Restavam poucas horas para o final da prova, Shelby tinha carros nas duas primeiras posições e a única Ferrari que ainda estava na prova estava muito atrás. Assim, no último reabastecimento e troca de pilotos, Carroll Shelby resolve comunicar aos seus pilotos que eles devem abrandar o ritmo e evitar uma disputa entre si. Ele queria garantir todas as posições no pódio com seus carros – um GT40 da Holman & Moody, famoso time de Nascar, estava em terceiro.

Vale lembrar que Henry Ford II estava presente no autódromo: ele havia sido agraciado pela organização com a honra de agitar a bandeirada de largada.

Os responsáveis da Ford idealizaram uma chegada bem cheia de plasticidade, para tirarem vantagens em termos publicitários: fazer os três carros cortarem a linha de chegada em formação em “V” – o célebre V da vitória. Os carros 1 e 2 estavam na mesma volta, e a distancia entre eles era cerca de 200 de metros.
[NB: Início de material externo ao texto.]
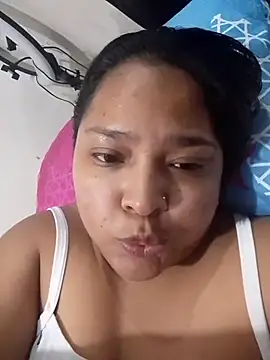 Snapshot of Angelly_ricura chatting on 07-17-26, 04:30 Angelly ricura online show from 07-17-26, 04:30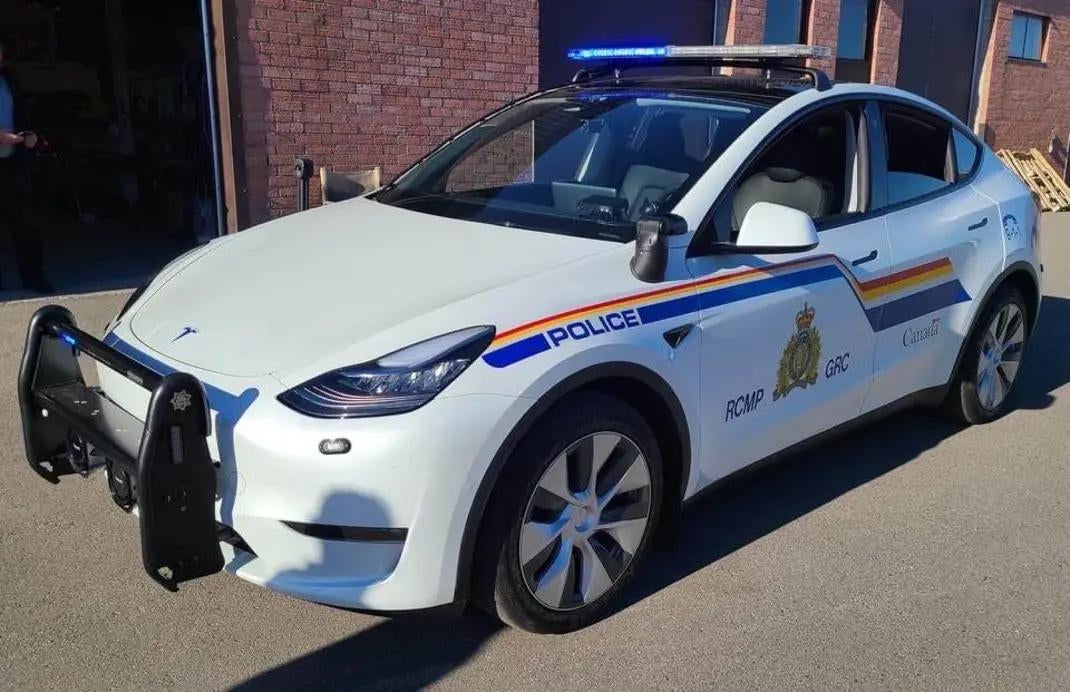 PluginAlberta's tweet image. Random picture we came across with zero context. If anyone knows what RCMP detachment this Tesla might belong to, let us know!
Great to see @RCMP using electric vehicles!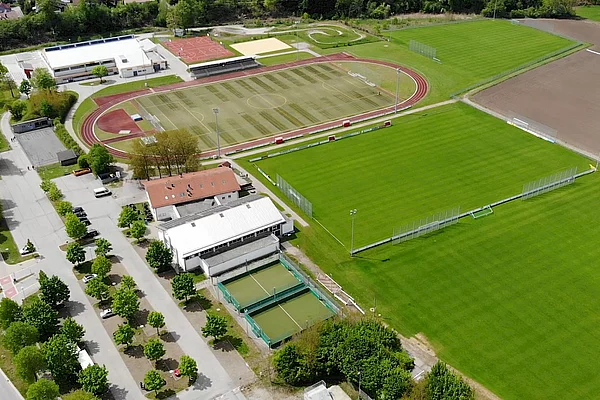 Sportanlage Kaufering von oben - Blick auf die fünf Rasensportplätze mit Flutlichtanlage
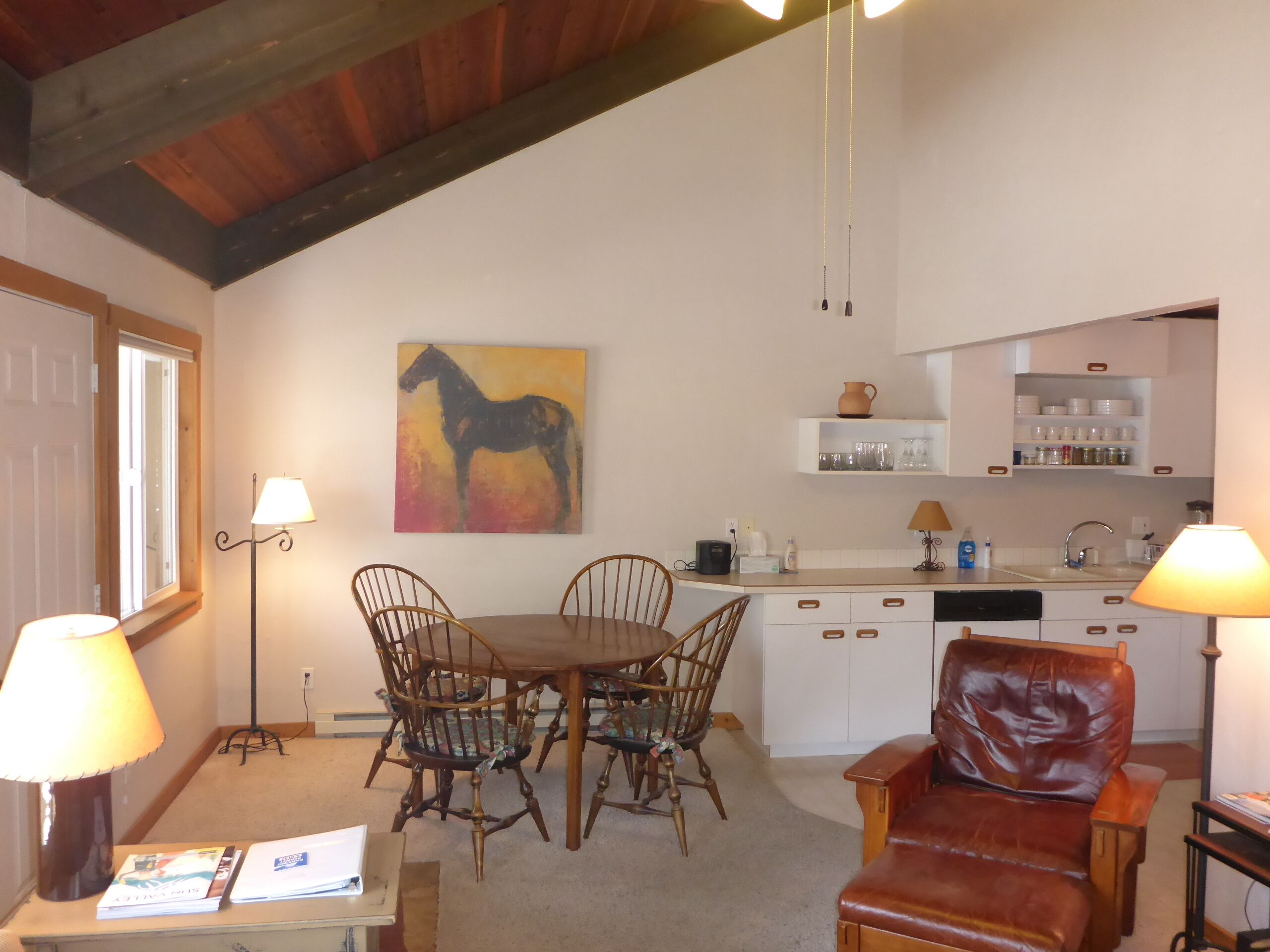 Ketchum condominium walking distance to downtown, close to bus stop and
A Miles é sinalizado, dos boxes, que reduza o andamento para “esperar” por McLaren e Ronnie Bucknum, no terceiro carro, e assim terminarem em formação. E terminaram.

Com o carro 1 à frente, seguido do 2 e do 5. Veio então a polemica: a distância que separava o carro 1 do 2, à chegada, era inferior em vinte metros ao que os separava na linha de partida. Logo, logicamente, e por força de um regulamento próprio de Le Mans, ao fim de 24 horas de prova a equipa de Amon/McLaren tinha percorrido mais 20 metros que Hulme/Miles na bandeirada. E como a classificação era pela distância percorrida, foram eles declarados os vencedores pela organização.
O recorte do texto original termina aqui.